This Federal Bill Would Allow Employers To Further Restrict Abortion Access

Across the country, conservative state lawmakers continue to threaten the right to abortion. Earlier this month, Texas Gov. Greg Abbott, a Republican, signed legislation that prohibited insurance carriers from covering abortion unless the person's life is in danger. And just this week, South Carolina Gov. Henry McMaster signed an executive order that strips state funding from doctors or groups who help provide abortions (despite the fact that law prevents federal funds from being used for abortions). Now Congress will consider a little-known federal anti-abortion measure that would allow more employers to refuse abortion care.

The Conscience Protection Act of 2017 is an alarming piece of legislation that would severely restrict access to abortion at the federal level under the guise of safeguarding a company's moral or religious beliefs. In particular, as noted by the American Civil Liberties Union, the bill would further broaden the right to refuse to provide, pay for, cover, or refer for abortion services for employers, insurance companies, and other health care entities, even if a person's health is threatened.

According to Rewire, the House passed a version of the CPA last July, but the act was not taken up by the Senate. But anti-abortion lawmakers have decided to include the measure as a rider to the House's Labor, Health and Human Services, and Education spending bill. According to the Hill, Congress will begin its appropriations process next week.

The Conscience Protection Act is far more dangerous than broadening the right to refuse abortion care. It would also give more power to corporations over reproductive rights. The CPA seeks to expand and make permanent the Weldon Amendment, an obscure rider to the Labor-HHS appropriations bill that prohibits entities, including state governments, that receive federal aid from discriminating against providers who refuse to participate in abortion care because of religious or moral objections. In recent years, anti-abortion activists have urged fellow anti-choicer HHS Secretary Tom Price to enforce the Weldon Amendment as blue states like California and Oregon pass measures protecting abortion rights.

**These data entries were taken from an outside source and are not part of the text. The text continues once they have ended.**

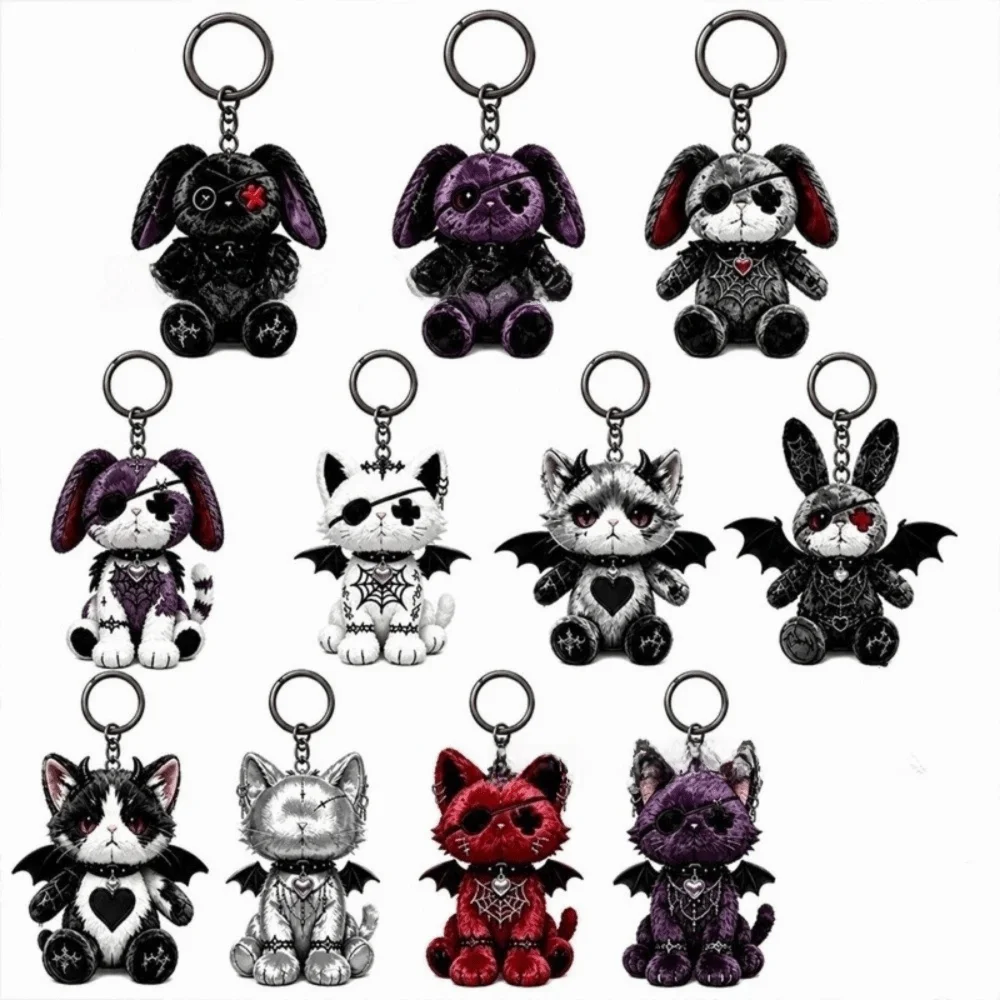 Kreativer Acryl-Schlüsselanhänger mit verletzter Katze, Halloween, Y2K, Gothic-Katzen-Schlüsselanhänger, dunkler Stil, Ornamente, Taschenanhänger, Halloween-Accessoires – Detail 12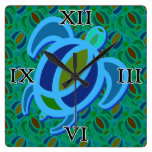 Blue Sea Turtle Square Wall Clock
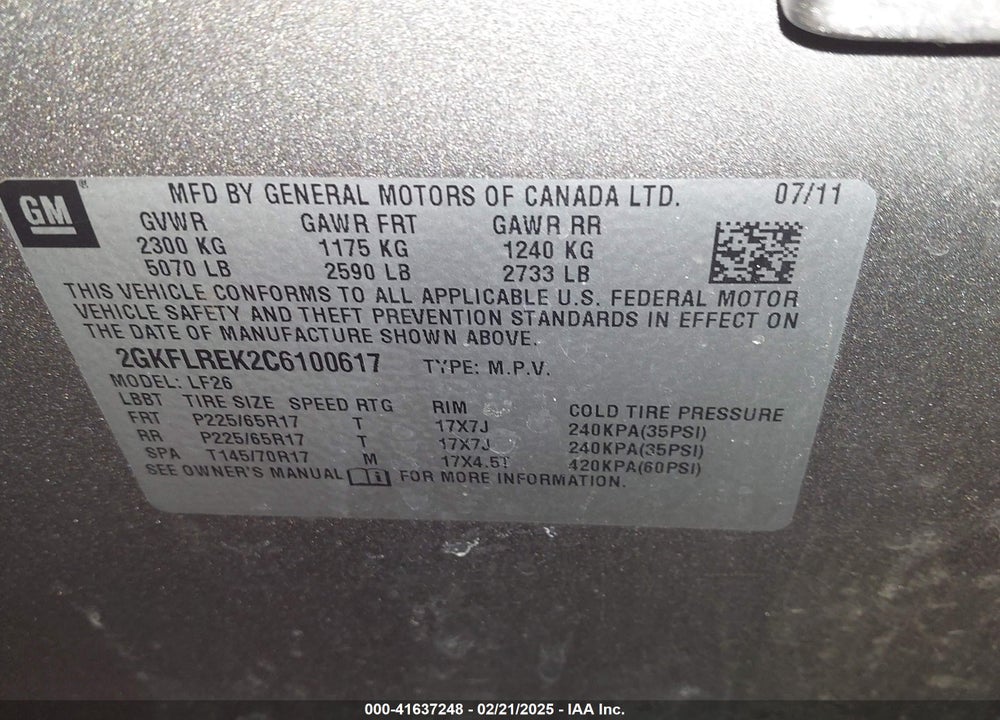 2012 GMC TERRAIN SLE-1 VIN: 2GKFLREK2C6100617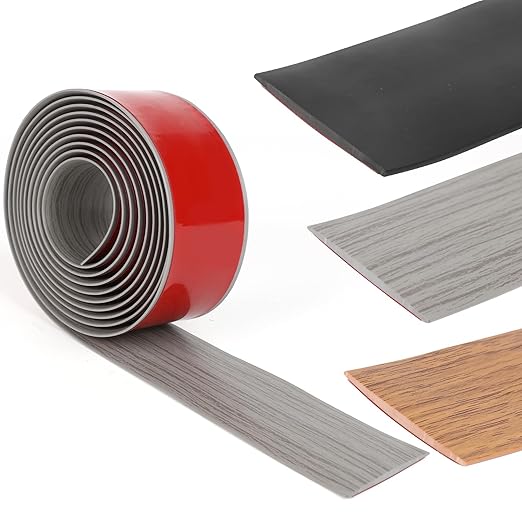 Floor Transition Strip for Doorways, 2'' x10Ft Self-Adhesive Laminate Floor Strip, Carpet Threshold - Gray Wood Grain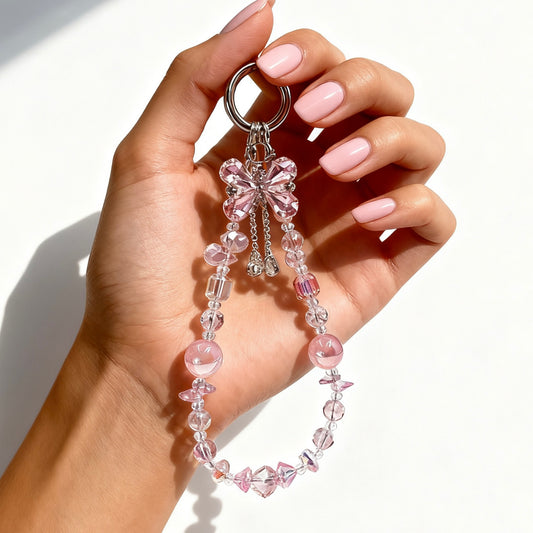 Handmade Crystal Beaded Phone Wristlet Bow, Bag Charm, Bling Crystal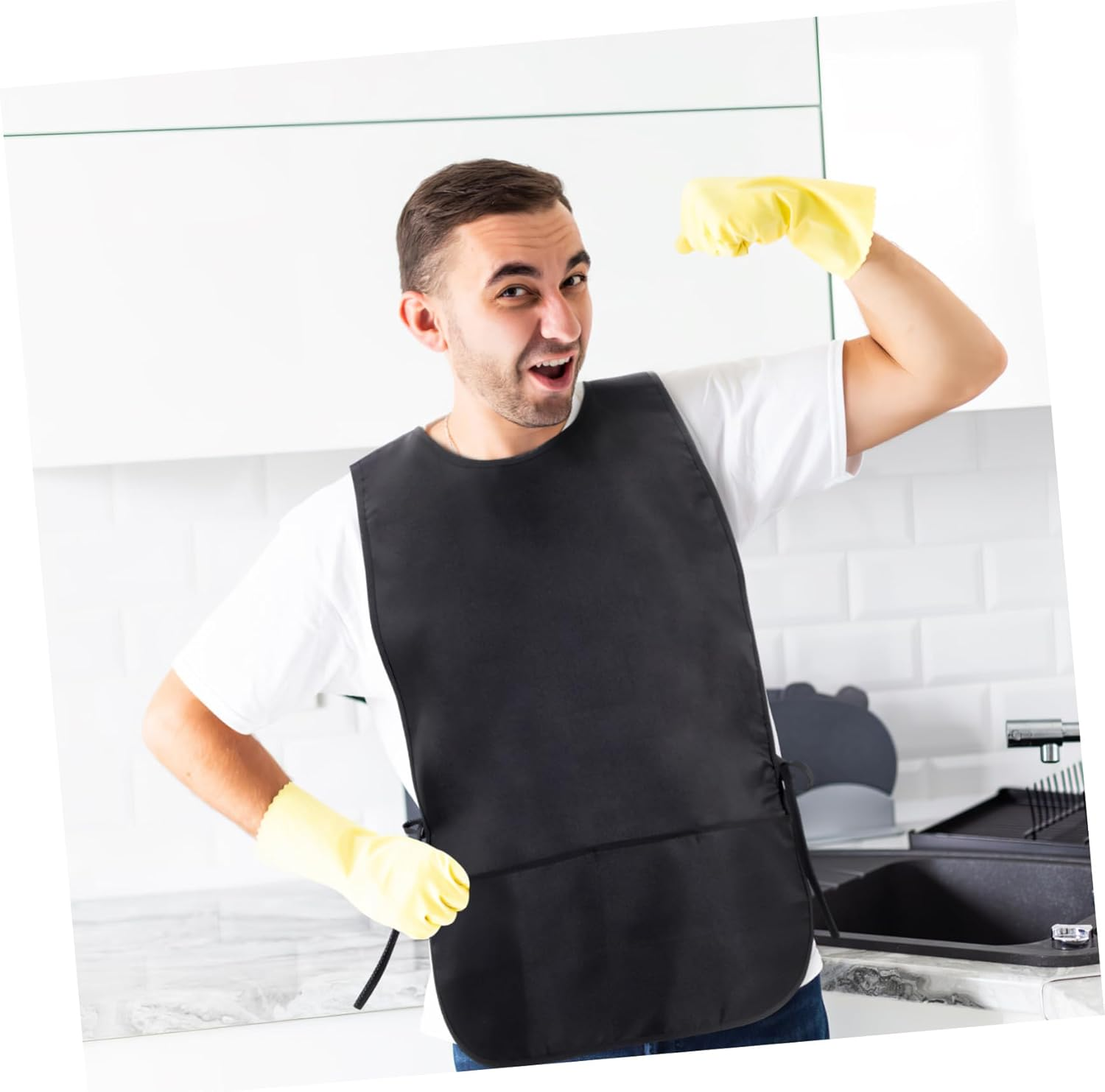 MUCKLILY Unisex Hairdressing Apron Heavy Duty Stain Resistant Hair Stylist Apron for Salon and Home Use for Hair Cutting and Cleaning Tasks image number 2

The CPA would keep the core of the Weldon Amendment, while going a few steps further. In addition to expanding the definition of "health care entities," it would also create a right to action for any party that opposes pro-choice policies, according to the ACLU. Under the Conscience Protection Act, entities that feel threatened or a "perceived threat" by measures protecting abortion rights would be able to sue states in federal court to block that legislation. Also, the CPA would give the right to deny abortion services or provide information on treatment options even in an emergency situation.

Anti-choice lawmakers will find anyway they can to restrict a person's right to abortion and reproductive care. And sneaking the CPA — a piece of legislation that has failed before — into an appropriations bill is a sneaky way to achieve that goal.